Each AFP operates the equivalent of a mutual fund that invests in stocks and bonds. Investment decisions are made by the AFP. Government regulation sets only maximum percentage limits both for specific types of instruments and for the overall mix of the portfolio; and the spirit of the reform is that those regulations should be reduced constantly with the passage of time and as the AFP companies gain experience. There is no obligation whatsoever to invest in government or any other type of bonds. Legally, the AFP company and the mutual fund that it administers are two separate entities. Thus, should an AFP go under, the assets of the mutual fund–that is, the workers’ investments–are not affected.
This is the so called free market reforms that Tea Partiers and conservatives claim to be in favor of? What gives the federal government the right to coerce employers force me to put my own money into an account and use it to purchase a policy in a regulated marketplace? Haven’t the Chileans ever heard of the non-initiation of force?
In seriousness, the success of the Chilean model is worth emulating: Romneycare and Obamacare were onto something when they mandated that people would have to purchase insurance options in a regulated market. You avoid the pitfalls that come from an entirely single-payer system while still creating a system that is able to provide benefits for all citizens of the country. Piñera himself describes the free market benefits that come from coercing Chileans to be consumers of private social insurance:
Workers are free to change from one AFP company to another. For this reason there is competition among the companies to provide a higher return on investment, better customer service, or a lower commission. Each worker is given a PSA passbook and every three months receives a regular statement informing him how much money has been accumulated in his retirement account and how well his investment fund has performed. The account bears the worker’s name, is his property, and will be used to pay his old age pension (with a provision for survivors’ benefits).

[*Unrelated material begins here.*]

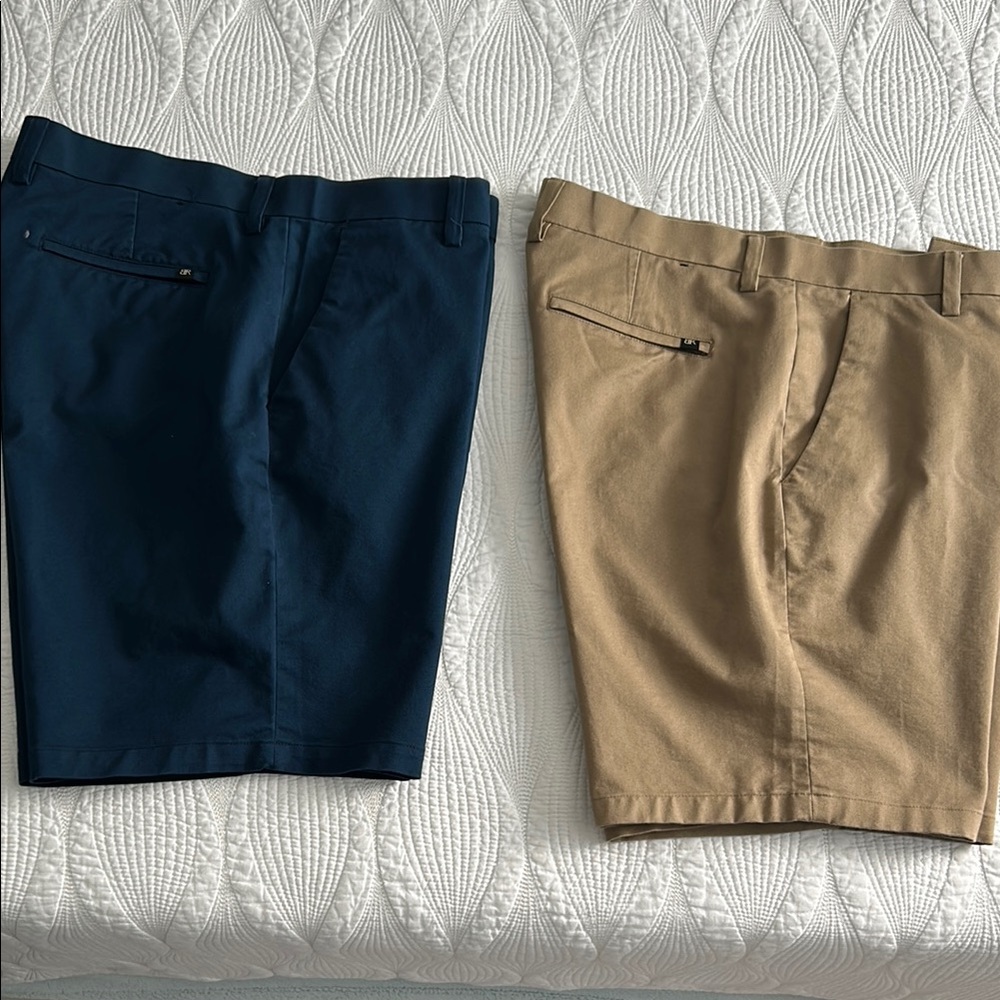 EUC - 2 pair Banana Republic Men's Navy and Tan Shorts 2 Pair Set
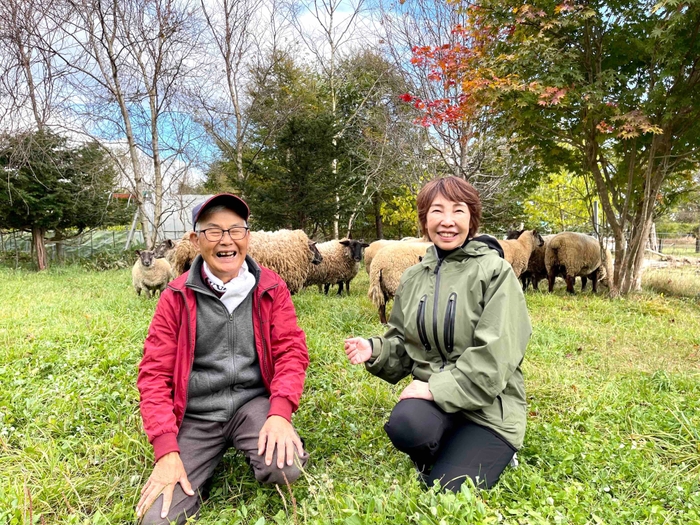 写真の左が生産者の山田忠男さん、右が当社 代表取締役社長の前川弘美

To be sure, retirement insurance and health insurance are not the same. There could be sound economic arguments against this sort of mandate in health insurance - perhaps conservatives think it would be better to focus on cost cutting measures, perhaps they think it would only make sense to focus on catastrophic care. Maybe the more intellectually honest ones would want to make the argument that it is ok to ensure a right to a retirement account but that it would be a step too far to ensure a right to a minimum amount of healthcare. These would all be intellectually honest answers.
Instead, the movement has decided that mandates are evil and that the only way to rectify this is to convince Justice Anthony Kennedy that while Social Security is completely kosher, that a mandate to purchase private insurance is an unconstitutional abomination.
Some in the conservative movement think that the anti-Obamacare lawsuits are just the first steps in a long term plan to eventually overturn Wickard v. Filburn. Whether or not that is the true end goal, politicians and activists will be content to hold two completely contradictory ideas in their heads: mandating individuals to purchase private health insurance is an unconstitutional threat to the Republic, while a system that mandates individuals to purchase a plan from a private pension fund is a shining beacon of liberty that we should emulate.
And in case you forgot, Paul Ryan’s plan for Medicare also uses a similar architecture for regulated private insurance markets that the Chilean system, Romneycare, and Obamacare all use.